I've admired Bremont for a while but never gave them any serious consideration. However, I have been reading about the upcoming ALT1-WT and am really impressed. Lots of features packed into a very handsome dial with a great case to boot. Definitely at the top of my list now!


----------



## PJR

When looking at a selection of Bremonts at a local AD the Solo was the one that caught my eye and kept it.


----------



## Shounen

MB2 or if I get a chance a MB1.5


----------



## DWebber18

I haven't yet decided but it's between the stainless U2 or the solo but the MB2 is very nice just not sure about the colors personally.


----------



## Monocrom

There's a grey insert option for the MBII that helps to tone it down quite a bit. The orange and green are nice, but a bit too loud for some.


----------



## drg

I love my MBII anthracite and my ALT1-C anthracite equally 


Sent from the place to be


----------



## TurboDog

Having flown in a Martin Baker seat I'd have to choose the MBII.


----------



## mattjmcd

TurboDog said:


> Having flown in a Martin Baker seat I'd have to choose the MBII.
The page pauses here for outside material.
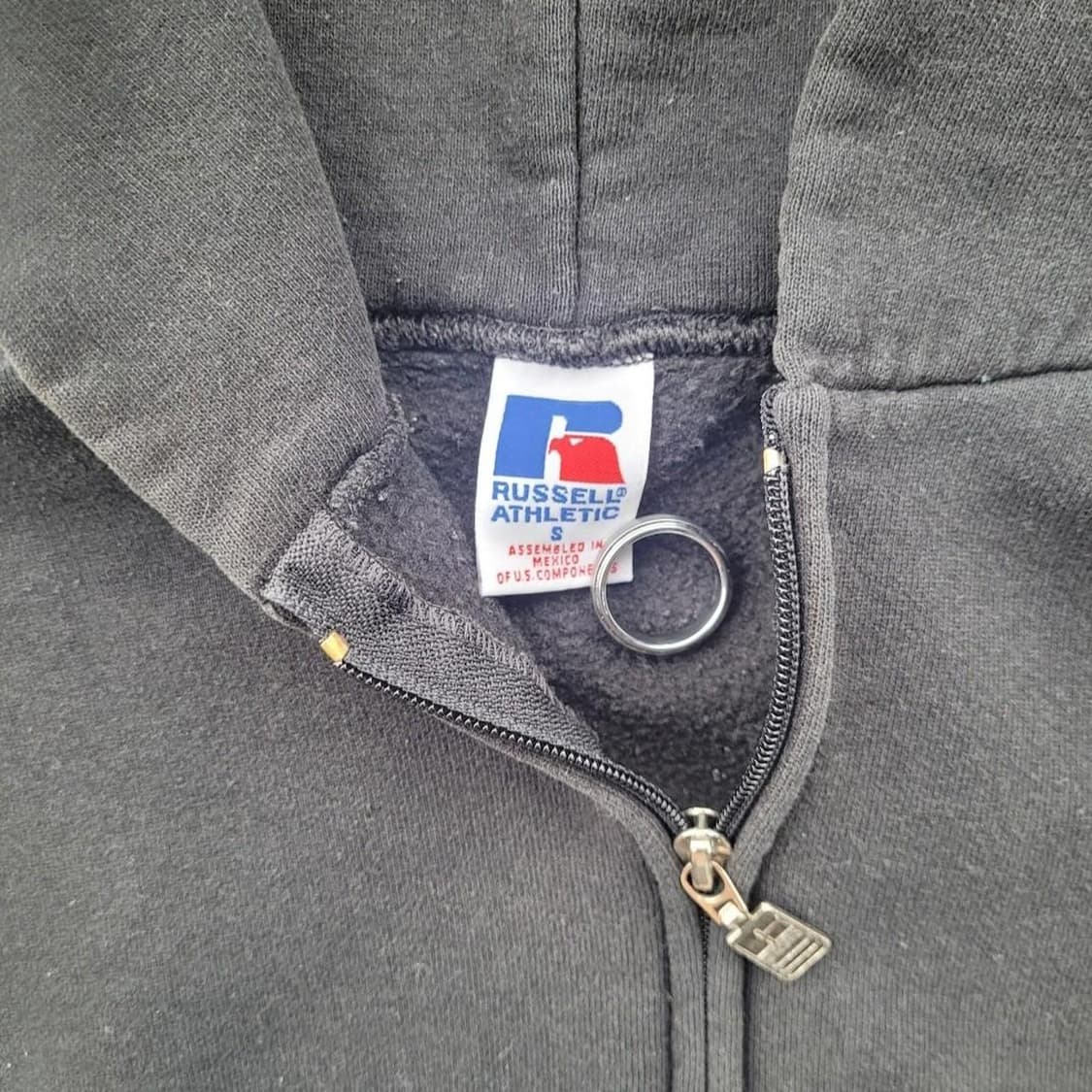 00s 러셀 애슬레틱 페이드 후드집업 블랙 상품이미지2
If you have had a documented ride up the rails in an MB seat I think you will be able to get an MBI with the red barrel. Not sure if you meant that or not...


----------



## TurboDog

mattjmcd said:


> If you have had a documented ride up the rails in an MB seat I think you will be able to get an MBI with the red barrel. Not sure if you meant that or not...


Fortunately I never had the occasion to actually test out the seat. I guess better wording would have been "Having flown with a Martin-Baker seat..."

Though if I had, I'd probably already be a owner of an MBI.


----------



## omega1234

*Re: After seeing pretty much their full range...*



Samster777 said:


> ... the one that is pulling at me is the blue Supermarine 500 on the bracelet. Great piece:
> 
> 
> 
> 
> 
> 
> 
> 
> 
> 
> 
> 
> 
> 
> 
> 
> 
> 
> 
> 
> 
> 
> 
> 
> 
> 
> 
> 
> Although the MBII with the green aluminium barrel is a very close second:
> 
> 
> 
> 
> 
> 
> 
> 
> 
> 
> 
> 
> 
> 
> 
> 
> 
> 
> 
> 
> 
> 
> 
> 
> 
> 
> 
> 
> 
> 
> 
> 
> 
> 
> 
> 
> 
> Cheers, Sam


Is it just me or does the Supermarine look like a nicer version of the IWC Aquitimer?


----------



## napel

I love Bremont watches, but my first and only Bremont would be...


----------



## pruppert

I'm currently considering either the Bremont Supermarine SS in black & mint green, vs the Bremont Desent, all Black with mint. I've handled the Descent, solid watch well crafted. I like the splash of color--the mint--being a bit different than the usual and would be eye catching. A differentiator....a brand to watch.


----------



## KevL

My choice would be the Supermarine, great clean design.


----------



## rocknsnow

ALT1-Zulu, I had the oppurtunity to try on a number of watches at a local store in Phoenix. Feel in love with the Zulu, and now I am just saving my pennies (and waiting on the okay from the other half) to go purchase one.


----------